(DATASET EXCERPTS)
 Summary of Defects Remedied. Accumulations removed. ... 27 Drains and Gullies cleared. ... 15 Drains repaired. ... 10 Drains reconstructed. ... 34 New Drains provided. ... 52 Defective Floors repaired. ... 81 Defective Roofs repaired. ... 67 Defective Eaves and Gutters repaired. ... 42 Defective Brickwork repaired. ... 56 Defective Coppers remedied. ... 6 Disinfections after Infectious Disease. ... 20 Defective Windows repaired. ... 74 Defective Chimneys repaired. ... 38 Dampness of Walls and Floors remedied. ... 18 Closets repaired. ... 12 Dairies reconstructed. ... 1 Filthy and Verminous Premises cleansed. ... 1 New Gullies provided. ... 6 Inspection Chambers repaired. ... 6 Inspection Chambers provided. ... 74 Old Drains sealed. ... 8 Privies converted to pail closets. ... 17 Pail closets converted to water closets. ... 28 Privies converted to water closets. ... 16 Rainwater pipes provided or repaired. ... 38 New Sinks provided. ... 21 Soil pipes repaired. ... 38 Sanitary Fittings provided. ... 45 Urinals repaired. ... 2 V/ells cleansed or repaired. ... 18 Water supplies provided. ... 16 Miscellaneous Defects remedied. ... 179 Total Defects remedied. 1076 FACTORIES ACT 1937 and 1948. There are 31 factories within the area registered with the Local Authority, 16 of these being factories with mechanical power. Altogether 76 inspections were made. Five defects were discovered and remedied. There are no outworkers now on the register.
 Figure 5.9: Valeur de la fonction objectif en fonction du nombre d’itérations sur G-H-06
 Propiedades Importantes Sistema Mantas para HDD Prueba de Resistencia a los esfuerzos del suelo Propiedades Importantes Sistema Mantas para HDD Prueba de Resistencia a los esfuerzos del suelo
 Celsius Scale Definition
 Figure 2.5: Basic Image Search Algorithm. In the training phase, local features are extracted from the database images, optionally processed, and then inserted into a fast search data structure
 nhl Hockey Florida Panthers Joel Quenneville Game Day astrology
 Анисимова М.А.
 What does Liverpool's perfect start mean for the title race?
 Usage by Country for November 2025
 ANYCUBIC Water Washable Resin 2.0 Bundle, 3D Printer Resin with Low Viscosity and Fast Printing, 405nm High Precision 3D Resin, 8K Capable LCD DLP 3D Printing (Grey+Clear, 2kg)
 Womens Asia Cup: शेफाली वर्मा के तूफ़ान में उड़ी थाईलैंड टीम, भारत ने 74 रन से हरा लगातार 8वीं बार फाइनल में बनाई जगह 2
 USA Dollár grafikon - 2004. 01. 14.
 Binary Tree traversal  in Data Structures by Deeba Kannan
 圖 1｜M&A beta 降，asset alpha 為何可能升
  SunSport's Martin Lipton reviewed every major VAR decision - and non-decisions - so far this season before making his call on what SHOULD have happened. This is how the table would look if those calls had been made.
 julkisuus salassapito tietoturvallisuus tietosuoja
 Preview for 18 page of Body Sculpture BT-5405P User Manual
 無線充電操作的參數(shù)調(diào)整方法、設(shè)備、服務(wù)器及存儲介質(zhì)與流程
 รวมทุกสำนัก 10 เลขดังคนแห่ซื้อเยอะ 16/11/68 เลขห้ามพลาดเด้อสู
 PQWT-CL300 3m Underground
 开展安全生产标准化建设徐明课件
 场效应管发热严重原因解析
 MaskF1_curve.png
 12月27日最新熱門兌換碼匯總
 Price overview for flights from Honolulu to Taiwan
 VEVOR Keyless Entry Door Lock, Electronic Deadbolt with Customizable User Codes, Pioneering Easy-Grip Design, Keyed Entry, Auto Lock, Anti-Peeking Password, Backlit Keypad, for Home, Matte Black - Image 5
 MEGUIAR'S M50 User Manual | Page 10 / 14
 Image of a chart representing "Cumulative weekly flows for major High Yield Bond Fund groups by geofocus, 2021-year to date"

(WHAT THE TASK REQUIRES) Only the lines from the one with "12月27日最新熱門兌換碼匯總" through the last line of the material above are to be duplicated, exactly and with both ends kept.

(SOLUTION FOR THIS EXERCISE)
 12月27日最新熱門兌換碼匯總
 Price overview for flights from Honolulu to Taiwan
 VEVOR Keyless Entry Door Lock, Electronic Deadbolt with Customizable User Codes, Pioneering Easy-Grip Design, Keyed Entry, Auto Lock, Anti-Peeking Password, Backlit Keypad, for Home, Matte Black - Image 5
 MEGUIAR'S M50 User Manual | Page 10 / 14
 Image of a chart representing "Cumulative weekly flows for major High Yield Bond Fund groups by geofocus, 2021-year to date"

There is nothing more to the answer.